4.2.2 Die vorangehenden Darlegungen zeigen auf, dass zwischen der Wegstrecke bis zur Kantonsschule Z und der Wegstrecke bis zur Kantonsschule Y in zeitlicher Hinsicht kein wesentlicher Unterschied besteht. Zwischen den Wegstrecken, welche vorwiegend mit zwei Buslinien (also mit einmaligem Umsteigen) absolviert werden, besteht lediglich ein zeitlicher Unterschied von 8 Minuten pro Strecke, somit insgesamt 16 Minuten pro Tag. Im Gegensatz zur Wegstrecke an die Kantonsschule Y hat die Beschwerdeführerin für die Wegstrecke an die Kantonsschule Z die Möglichkeit, die Wegstrecke nur mit einer Buslinie und somit ohne Umsteigen zu absolvieren. Für den Rückweg beträgt der zeitliche Unterschied der beiden Wegstrecken gar nur eine bis sechs Minuten. Dies wird vorliegend als zumutbar betrachtet. Im Übrigen wies die Vorinstanz wiederholt darauf hin, dass eine weitere Lernende aus der gleichen Strasse die Kantonsschule Z besuche. Somit ist es für die Beschwerdeführerin möglich, den Schulweg in Begleitung zu absolvieren.

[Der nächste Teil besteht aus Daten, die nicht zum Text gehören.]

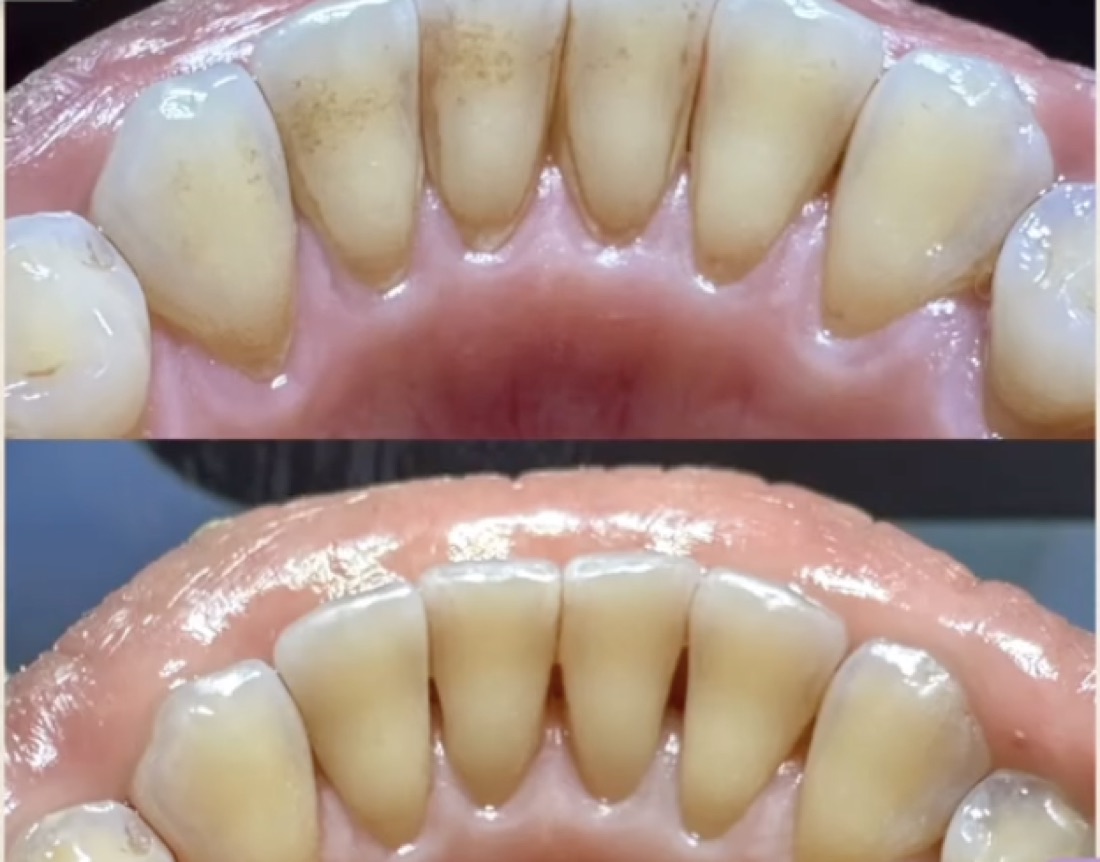 Before and after smile transformation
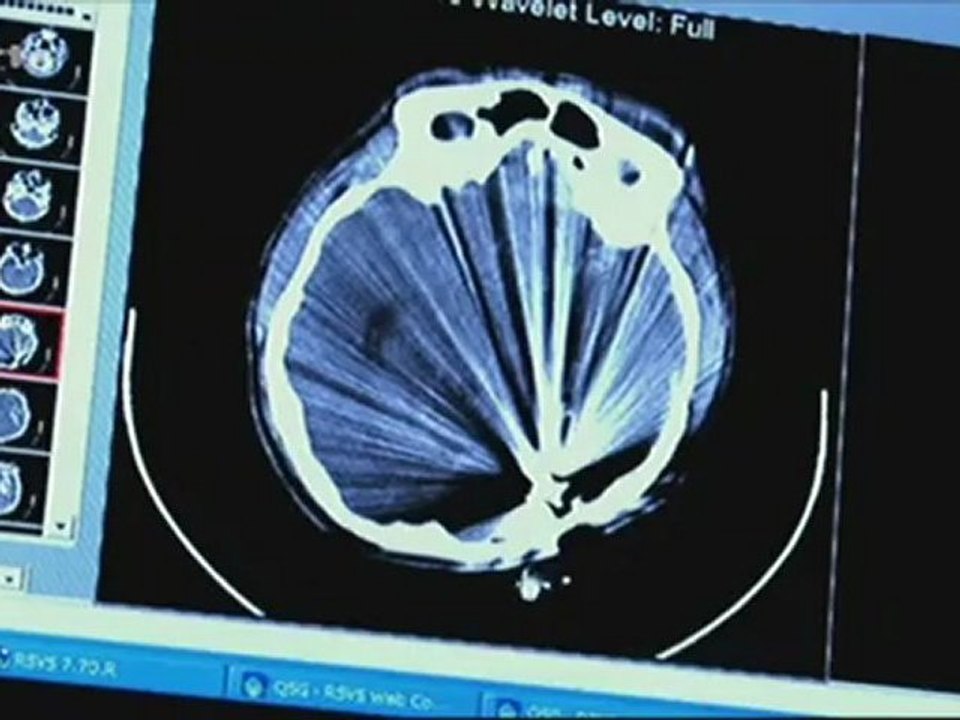 Quand est-on vraiment mort ?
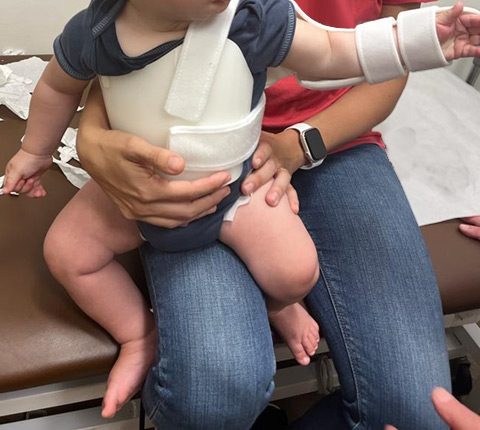An infant wearing a teapot splint.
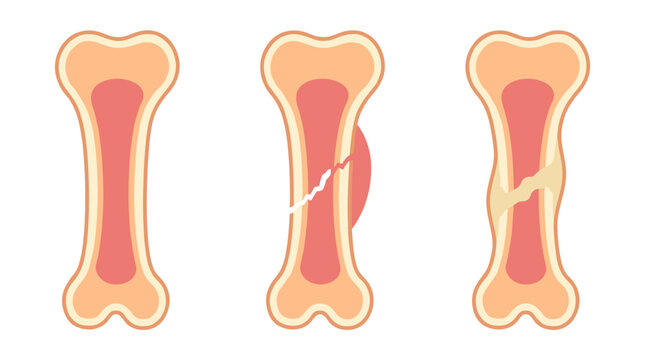 Three medical bone fracture stages showing healthy structure, partial break with hematoma, and complete bone fracture healing process
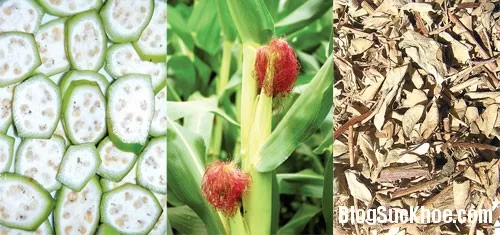 Bài thuốc chữa sỏi đường tiết niệu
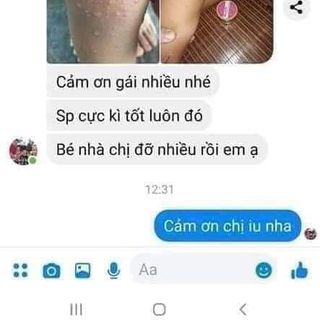 Kem đa năng Mul Rose trị mụn, viêm da cơ địa, mẫn ngứa, hăm sảy, rạn nứt da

4.2.3 Die Beschwerdeführerin bringt vor, es sei wahrscheinlich, dass sie die Anschlussbusse verpassen werde, weil sie in der Hauptverkehrszeit umsteigen müsse und die Umsteigezeit nur vier Minuten betrage. Diesbezüglich ist ihr entgegenzuhalten, dass die Fahrpläne der verschiedenen Buslinien aufeinander abgestimmt sind. Es kann deshalb grundsätzlich davon ausgegangen werden, dass der Anschlussbus erreicht wird. Die Frage der Verspätung stellt sich im Übrigen auch bei einem Besuch der Kantonsschule Y, weil die Beschwerdeführerin auch auf dieser Wegstrecke umsteigen muss. Wie die Vorinstanz zutreffend festhält, ist nicht ersichtlich, weshalb sich die Busse gerade im Falle der Beschwerdeführerin verspäten sollten. Hätte ein Bus tatsächlich Verspätung, würde dies zudem alle Lernenden im Bus betreffen. Um Verspätungen zu vermeiden, kann die Beschwerdeführerin einen früheren Bus nehmen, ohne dass sich die Dauer der Wegstrecke wesentlich verlängert. Es trifft denn auch nicht zu, dass der Schulweg pro Tag über zwei Stunden dauert, wenn die Beschwerdeführerin einen früheren Bus nimmt. Eine frühere Ankunft in der Schule kann sie zur Erledigung von Hausaufgaben nutzen. Wie gesagt, hat die Beschwerdeführerin zudem die Möglichkeit, eine Buslinie ohne Umsteigen zu nutzen. Insgesamt ist der etwas längere Schulweg an die Kantonsschule Z daher als zumutbar zu betrachten und die Beschwerde wird in diesem Punkt abgewiesen.

(...)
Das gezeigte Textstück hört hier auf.